Bottoming Out

In order to get a grasp on what makes optimization difficult in machine learning, it is important to specialize our focus. Nonconvex optimization is so general, and what makes deep learning hard may be completely different from what makes tensor decomposition difficult. So in this post, I want to focus on deep learning and take a bit of a controversial stand. It has been my experience, that optimization is not at all what makes deep learning challenging.

Look at these plots.

Train error on MNIST Train error on CIFAR10

On the left I show the training error on everyone’s favorite machine learning benchmark MNIST. Here I trained a version of LeNet-5 with 2 convolutional layers and one fully connected layer. I used SGD with a constant stepsize. On the right, I show the training error on CIFAR-10. For this task, I used a bigger conv-net based on Alex Krizhevsky’s cuda-convnet model. In both cases, I am training using the soft-max loss, and after a sufficiently long run both of these models converge to zero loss. But the soft-max loss is bounded below by zero, so this means I am finding global minima of the cost function.

Now, I’ve been hammering the point in my previous posts that saddle points are not what makes non-convex optimization difficult. Here, when specializing to deep learning, even local minima are not getting in my way. Deep neural nets are just very easy to minimize.

Of course, at this point, my machine learning friends are yelling at their screens, “dude, what does the test error look like?!?!” For the uninitiated, both the MNIST and CIFAR10 benchmarks ship with two sets of data points. There is a training set of examples from which you squeeze out every bit of information. And there is a test set which indicates how well your model will extrapolate to unseen data. Here are the same plots as above, but now I’ll also plot the loss on the test set.

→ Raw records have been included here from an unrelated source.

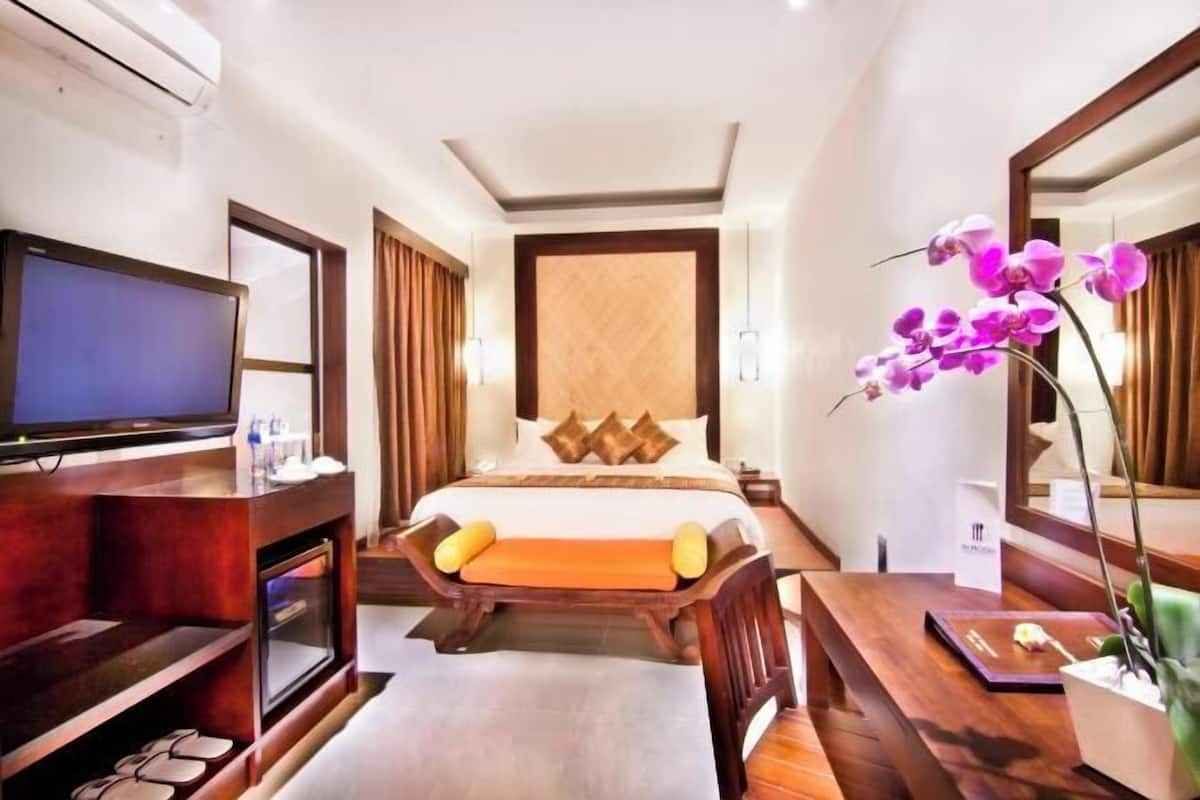 Hypo-allergenic bedding, minibar, in-room safe, desk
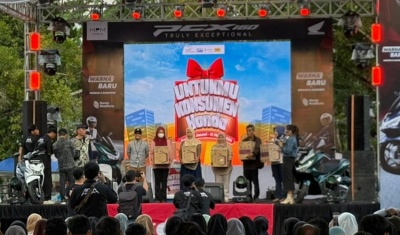 Meriah ! Ribuan Konsumen Saksikan Pengundian UKH di Pacitan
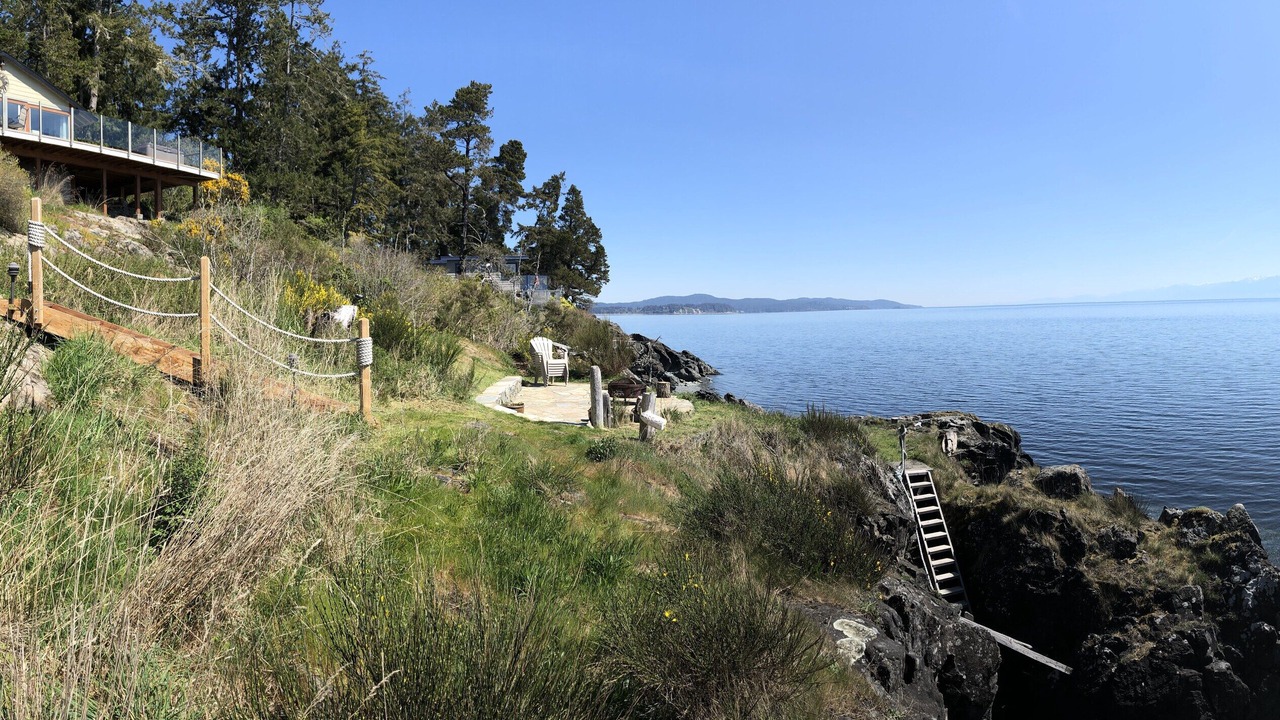Photo of Others in Otter Point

Train vs test error on MNIST Train vs test error on CIFAR10

The test error starts climbing upwards well before the models hit zero train loss. And there is nothing surprising about this. If one picks a model with enough parameters, you can (and will) overfit like crazy. The challenge in machine learning is attaining small training error quickly and efficiently while still generalizing to unseen data.

These plots suggest that our worries about optimization are misplaced when it comes to deep learning. Finding global optimizers is trivial. But finding models that generalize well is much more subtle. To get good performance on the test set, most of our efforts have to be devoted to forcing deep models away from optimal solutions. If I just take the exact same CIFAR-10 architecture, but I turn the learning rate down by a factor of 10, add a bit of $\ell_2$ regularization, and reduce the learning rate by 10x at epoch 120, I get this plot.

with regularization

Not bad! The loss on the training set and test set track each other rather nicely.

I know this is obvious to most of you reading this, but it’s important to emphasize that the tradeoff between optimization and generalization is not unique to deep models. Understanding this tradeoff is the core technical challenge of machine learning. Even when we have linear models, we can find good models with very small empirical risk. Indeed, this was the whole point of the sparsity craze of the 2000s. If you have an infinite set of models that achieve zero empirical risk, the mantra in sparse optimization is to pick the one that is simplest. Depending on the specifics of the problem, simplest could be sparsest, lowest rank, or smoothest. It is often the case that one can find a simple model that fits the data exactly but still makes high quality out-of-sample predictions. But understanding how to balance data fidelity to model simplicity is always the challenge.

I want to be clear that I find the fact that we can overfit to the training set with a neural net and still generalize to be a profoundly interesting phenomena. That we can train crazy hundred layer ResNets and get near perfect accuracy on ImageNet is an amazing breakthrough. Why is it that stochastic gradient descent with a few bells and whistles is able to discover models that generalize so well? Moritz, Yoram Singer, and I tried to investigate this from a theoretical standpoint, but our theorems are far too pessimistic to fully explain what we see in practice. It remains a fascinating open problem to understand why neural nets are able to generalize, and I hope that future work is able to provide reasonable guides to the practice of building complex models that generalize.